Last weekend, I participated at the Sydney Startup camp Sydney II, which had been a straight 24 hour hackathon to build and launch a product (in my case Activity Horizon). Ross Dawson has written a good post about the camp you are interested in that.

activity horizon
It’s been a great experience (still going – send us your feedback!) and I’ve learned a lot. But something really strikes me which I think should be shared. It’s how little has changed since the last start-up camp and how stupid companies are – but first, some background.

The above mentioned product we launched, is a service that allows people to discover events and activities that they would be interested in. We have a lot of thoughts on how to grow this – and I know for a fact, finding new things to do in a complex city environment as time-poor adults, is a genuine issue people complain often about. As Mick Liubinskas said “Matching events with motivation is one of the Holy Grails of online businesses” and we’re building tools to allow people to filter events with minimal effort.

ActivityHorizon Team

So as “entrepreneurs” looking to create value under an artificial petri dish, we recognised that existing events services didn’t do enough to filter events with user experience in mind. By pulling data from other websites, we have created a derivative product that creates value without necessarily hurting anyone. Our value proposition comes from the user experience in simplicity (more in the works once the core technology is set-up) and we are more than happy to access data from other providers in the information value chain on the terms they want.

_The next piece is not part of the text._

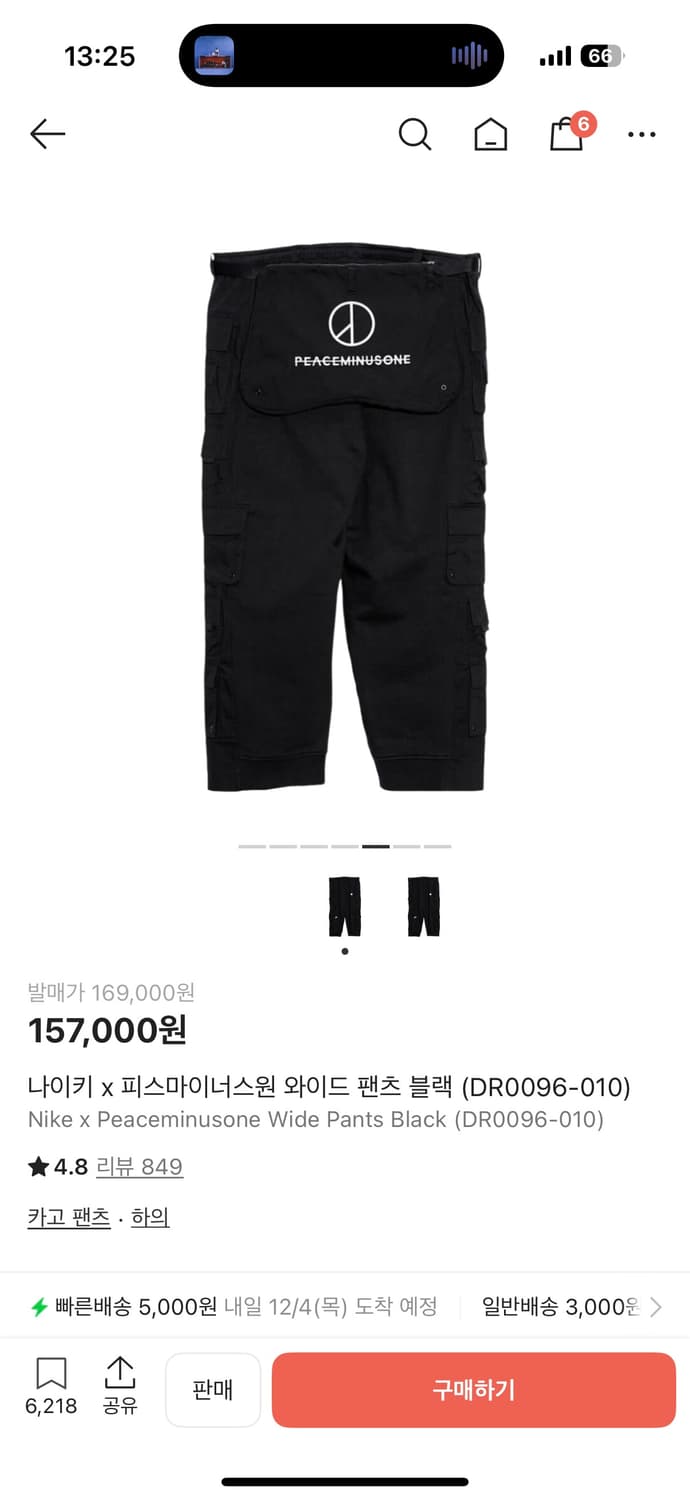 나이키 x 피스마이너스원 와이드 팬츠 블랙  상품이미지2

The problem is that they have no terms! The concept of an API is one of the core aspects of the mashup world we live in, firmly entrenched within the web’s culture and ecosystem. It’s something that I believe is a dramatic way forward for the evolution of the news media and it’s a complementary trend that is building the vision of the semantic web. However nearly all the data we have hasn’t been done through an API which can regulate the way we use the data; instead, we’ve had to scrape it.

Scraping is a method of telling a computer how data is structured on a web page, which you then ‘scape’ data from that template presentation on a website. A bit like highlighting words in a word document with a certain characteristic and pulling all the words you highlighted into your own database. Scraping has a negative connotation as people are perceived to be stealing content and re-using it as their own. The truth of the matter is, additional value gets generated when people ‘steal’ information products: data is an object, and by connecting it with other objects – those relationships – are what create information. The potential to created unique relationships with different data sets, means no two derivative information products are the same.

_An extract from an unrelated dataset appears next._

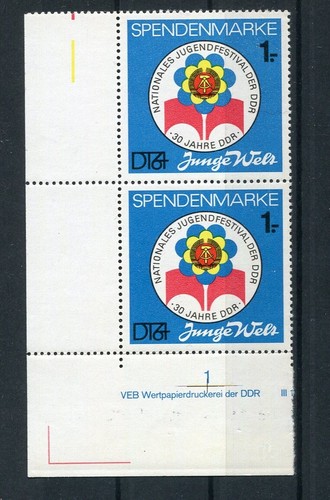 Ddr spendenmarke 1979 - spendenmarke,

So why are companies stupid
Let’s take for example a site that sells tickets and lists information about them. If you are not versed in the economics of data portability (which we are trying to do with the DataPortability Project), you’d think that if Activity Horizon is scraping ‘their’ data, that’s a bad thing as we are stealing their value.

WRONG!

Their revenue model is based on people buying tickets through their site. So by us reusing their data and creating new information products, we are actually creating more traffic, more demand, more potential sales. By opening up their data silo, they’ve actually opened up more revenue for themselves. And by opening up their data silo, they not only control the derivatives better but they can reduce the overall cost of business for everyone.

Let’s use another example: a site that aggregates tickets and doesn’t actually sell them (ie, their revenue model isn’t through transactions but attention). Activity Horizon could appear to be a competitor right? Not really – because we are pulling information from them (like they are pulling information from the ticket providers). We’ve extracted and created a derivative product, that brings a potential audience to their own website. It’s repurposing information in another way, to a different audience.

The business case for open data is something I could spend hours talking about. But it all boils down to this: data are not like physical objects. Scarcity does not determine the value of data like it does with physical goods. Value out of data and information comes through reuse. The easier you make it for others to resuse your data, the more success you will have.